# The work done by running in a rectangle

Is there any work done when I run in a rectangle?

I thought that the answer should be no. But my teacher says that we should calculate each side of the rectangle individually and then add it all together. Which one is correct and why?

Yes you do work.

The net displacement vector is zero (you end where you start), and in such cases the work against a conservative force would be also zero (for example, against gravity). But if we consider running, one mostly does work against a non-conservative force like air-drag. In such instance, the work-done is path dependent and you have to do as your teacher says adding the work in each segment and adding them up.

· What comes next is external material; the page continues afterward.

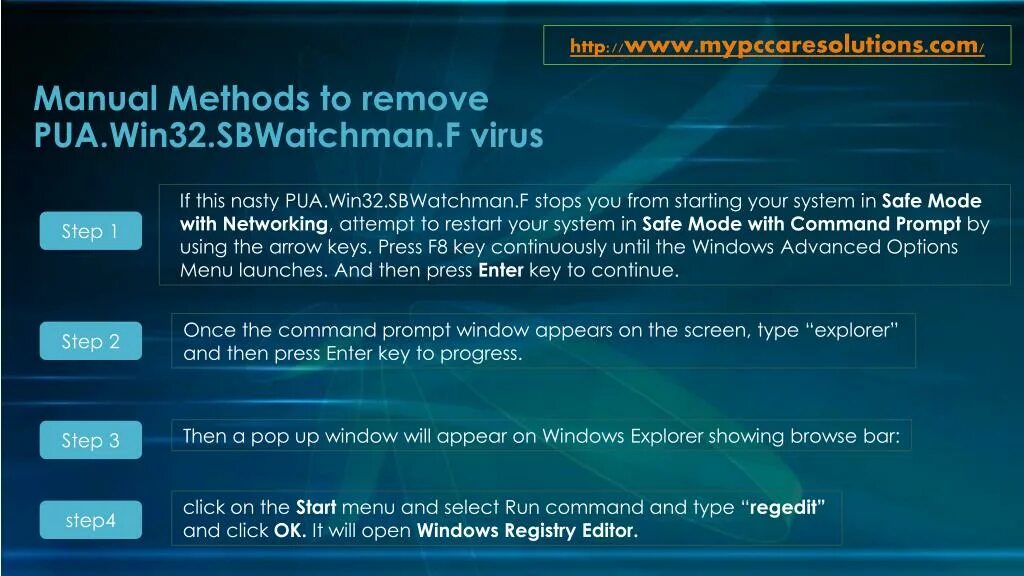 Win32 yandexbundled как удалить. Вирус win32. Характеристики платформы win32. Phonzy Троян. Win32/contebrew.a!ml.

• I rather doubt the original problem went to this level of reality. :-) . – Carl Witthoft May 22 '14 at 11:50
• @CarlWitthoft, depends on how they incorporate the drag. Do they just look at some simple model which is proportional to the normal force, or do they look at a model which is quadratic in the velocity ? – Nick May 22 '14 at 12:31
• In this case, "work" is proportional to displacement, so if you end up at the exact same spot, you haven't done any work at all. – Jason Chen May 23 '14 at 4:31

Undoubtedly, you are right in your answer, and so is your teacher. What he means to tell is that the vector-sum of displacement should be calculated treating all sides of rectangle as individual displacement-vectors, so that resultant displacement-vector is a null-vector. This answer is valid only until you do not consider non-conservative forces like air(fluid)-drag, friction due to ground. Otherwise, you do work, and proceed in the way your teacher suggests.

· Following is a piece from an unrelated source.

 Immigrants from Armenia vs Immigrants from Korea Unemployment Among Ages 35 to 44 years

In this case, if you integrate the dot product F.dx over the loop, you will see that F has different directions on different sides, in such a way the F.dx is always of same sign, and so net work done is not zero. Whereas in a conservative field (gravity as suggested in the answers), F.dx will change sign for different sides of the rectangle - totaling to zero.

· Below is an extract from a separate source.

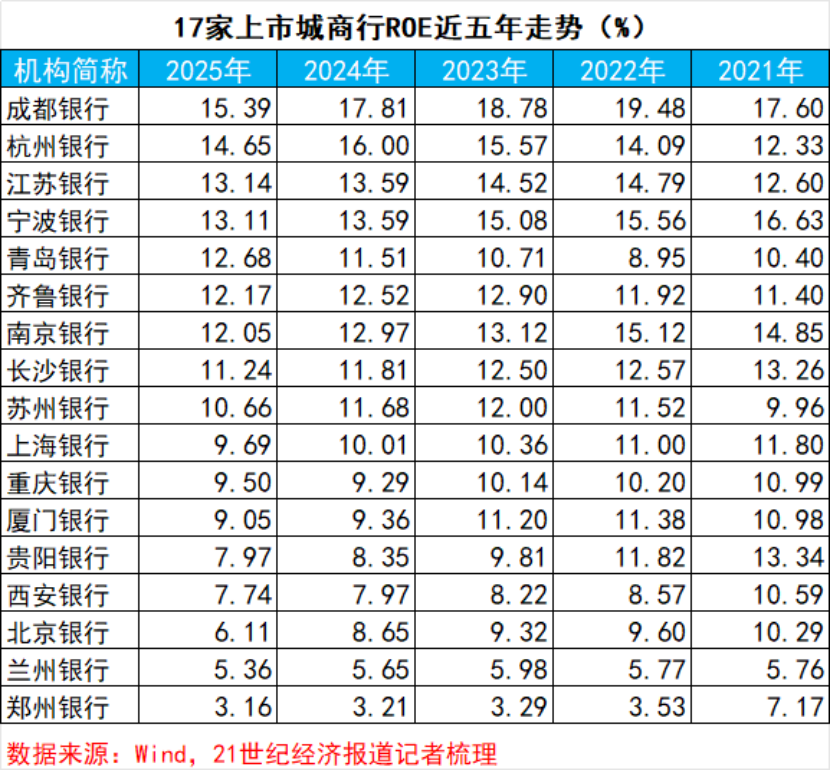 上市银行ROE“保卫战”：仅18家守住10%防线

Generally, if you are within the domain of a vector field $\vec{F}$, the work done along a contour is given by,

$$W = \int_{C} \vec{F} \cdot \mathrm{d}\vec{\ell}$$

where the integral is the line integral over the path $C$. For a rectangle, or any closed curve,

$$W= \oint_{C} \vec{F} \cdot \mathrm{d}\vec{\ell} = \iint_{A} \left( \nabla \times\vec{F} \right) \, \mathrm{d}A$$

by Green's theorem, which follows from Stokes' theorem. If the field is conservative,

$$\vec{F}=\nabla \phi$$

for a scalar field $\phi$. Notice $\nabla \times \nabla\phi=0$, and hence the work done along a closed contour by a conservative field is precisely zero. Alternatively, recall the gradient theorem,

$$\oint_C \vec{F} \cdot \mathrm{d}\vec{\ell} = \phi(\mathbf{x'})-\phi(\mathbf{x}) = 0$$

if the endpoints are the same, i.e. $\mathbf{x'}=\mathbf{x}$, and $\vec{F}$ is conservative. At the Newtonian level, the gravitational field is simply the gradient of a scalar potential function, which is why, by the gradient theorem, the work done is independent of the path chosen; it only depends on the start and end point.